# Task details:
Below are entries. Copy exactly the lines running from the line that holds "ASOS Edition - Camicia" to the line that holds "1980-austin-mini-big-9", with both ends included.

(Saved data entries)

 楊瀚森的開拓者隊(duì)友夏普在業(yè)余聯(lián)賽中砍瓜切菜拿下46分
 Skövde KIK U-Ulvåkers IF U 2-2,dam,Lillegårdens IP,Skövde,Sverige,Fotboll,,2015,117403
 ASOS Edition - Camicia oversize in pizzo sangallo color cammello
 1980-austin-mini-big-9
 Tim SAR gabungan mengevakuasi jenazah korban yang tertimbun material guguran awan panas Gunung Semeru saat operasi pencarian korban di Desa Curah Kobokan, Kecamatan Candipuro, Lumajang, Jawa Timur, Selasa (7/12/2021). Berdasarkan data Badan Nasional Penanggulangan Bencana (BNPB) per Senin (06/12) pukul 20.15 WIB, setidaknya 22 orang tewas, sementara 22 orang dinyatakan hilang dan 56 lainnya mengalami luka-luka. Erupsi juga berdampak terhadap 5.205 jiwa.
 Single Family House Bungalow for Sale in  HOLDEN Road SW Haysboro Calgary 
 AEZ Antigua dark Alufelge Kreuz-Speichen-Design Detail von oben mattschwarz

# Answer to this task:
 ASOS Edition - Camicia oversize in pizzo sangallo color cammello
 1980-austin-mini-big-9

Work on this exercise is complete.